> Exercise details
Transcribe only the part of the material below that begins at the line containing "We have functions" and ends at the line containing "So let's get", with both kept and images left out.

> Provided data
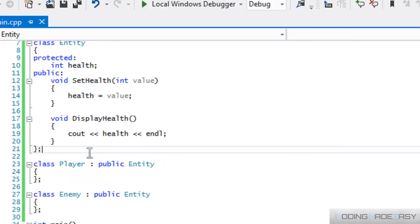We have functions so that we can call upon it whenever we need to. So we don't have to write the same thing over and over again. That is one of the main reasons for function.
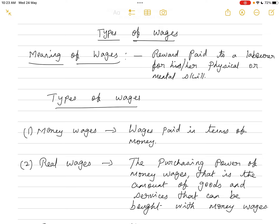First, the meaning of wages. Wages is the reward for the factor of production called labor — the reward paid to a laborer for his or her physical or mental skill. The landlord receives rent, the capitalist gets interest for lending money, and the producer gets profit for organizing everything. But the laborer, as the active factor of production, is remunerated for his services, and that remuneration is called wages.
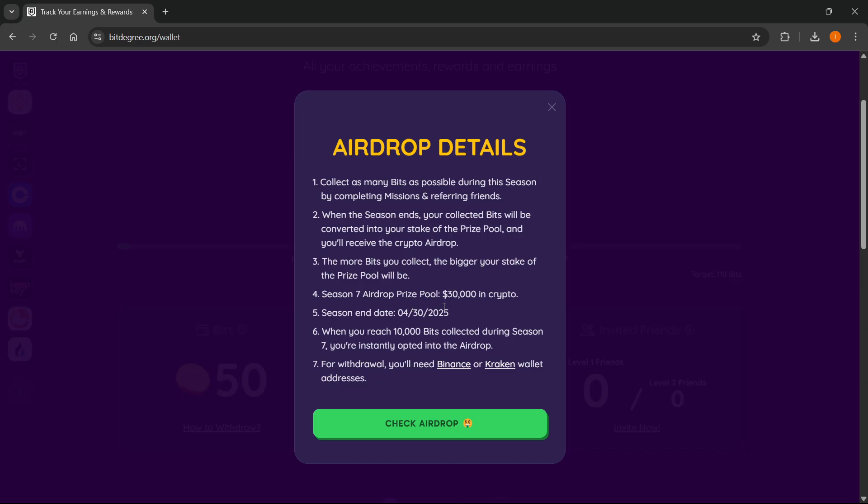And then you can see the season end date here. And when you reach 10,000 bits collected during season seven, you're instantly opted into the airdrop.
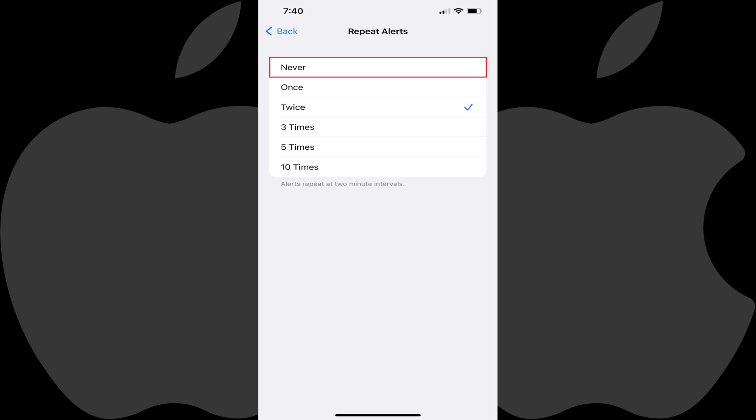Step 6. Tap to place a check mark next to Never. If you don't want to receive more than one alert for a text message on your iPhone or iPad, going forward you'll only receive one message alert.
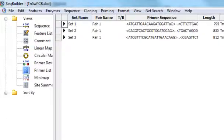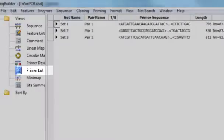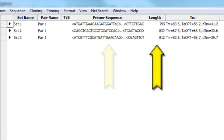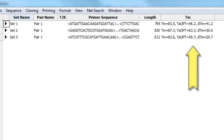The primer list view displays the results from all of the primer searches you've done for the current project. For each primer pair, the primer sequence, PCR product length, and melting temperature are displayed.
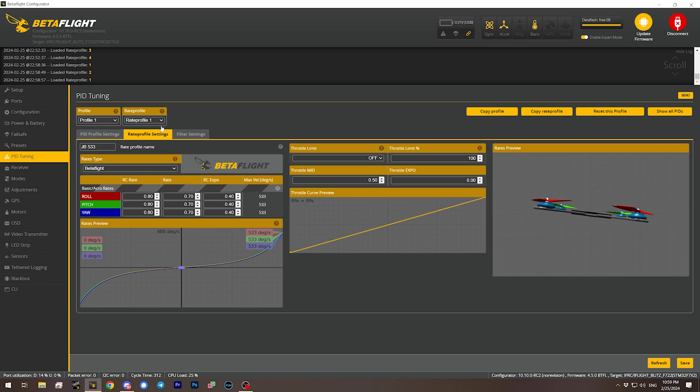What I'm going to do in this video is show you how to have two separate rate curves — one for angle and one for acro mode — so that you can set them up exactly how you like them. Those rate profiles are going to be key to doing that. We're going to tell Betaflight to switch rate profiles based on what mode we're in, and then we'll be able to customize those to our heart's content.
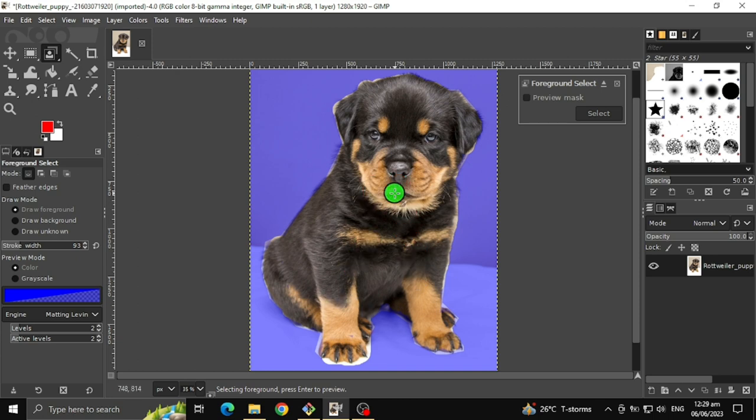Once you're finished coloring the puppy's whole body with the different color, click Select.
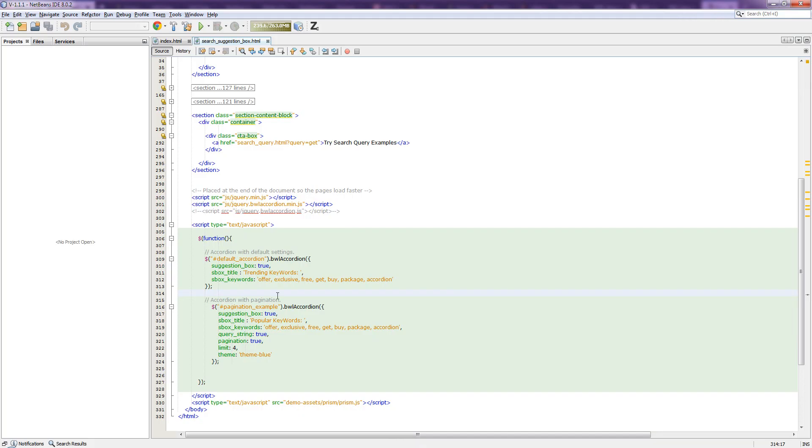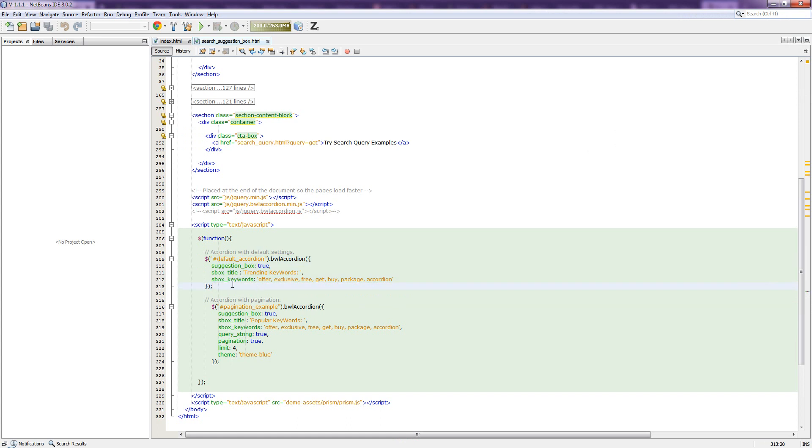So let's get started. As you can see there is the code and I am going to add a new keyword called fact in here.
---
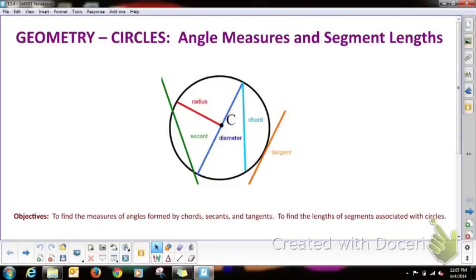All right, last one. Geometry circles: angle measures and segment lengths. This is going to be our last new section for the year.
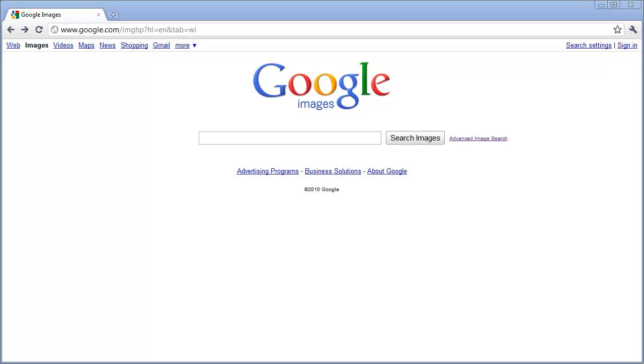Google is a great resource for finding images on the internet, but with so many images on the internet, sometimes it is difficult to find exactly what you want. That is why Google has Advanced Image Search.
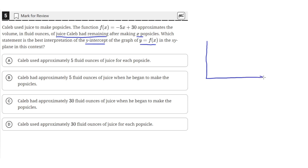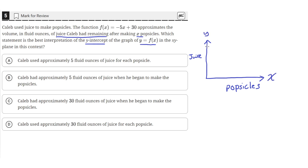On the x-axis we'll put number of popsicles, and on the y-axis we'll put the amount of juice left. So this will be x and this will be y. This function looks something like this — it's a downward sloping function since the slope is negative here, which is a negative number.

> Answer area
We have functions so that we can call upon it whenever we need to. So we don't have to write the same thing over and over again. That is one of the main reasons for function.
First, the meaning of wages. Wages is the reward for the factor of production called labor — the reward paid to a laborer for his or her physical or mental skill. The landlord receives rent, the capitalist gets interest for lending money, and the producer gets profit for organizing everything. But the laborer, as the active factor of production, is remunerated for his services, and that remuneration is called wages.
And then you can see the season end date here. And when you reach 10,000 bits collected during season seven, you're instantly opted into the airdrop.
Step 6. Tap to place a check mark next to Never. If you don't want to receive more than one alert for a text message on your iPhone or iPad, going forward you'll only receive one message alert.
The primer list view displays the results from all of the primer searches you've done for the current project. For each primer pair, the primer sequence, PCR product length, and melting temperature are displayed.
What I'm going to do in this video is show you how to have two separate rate curves — one for angle and one for acro mode — so that you can set them up exactly how you like them. Those rate profiles are going to be key to doing that. We're going to tell Betaflight to switch rate profiles based on what mode we're in, and then we'll be able to customize those to our heart's content.
Once you're finished coloring the puppy's whole body with the different color, click Select.
So let's get started. As you can see there is the code and I am going to add a new keyword called fact in here.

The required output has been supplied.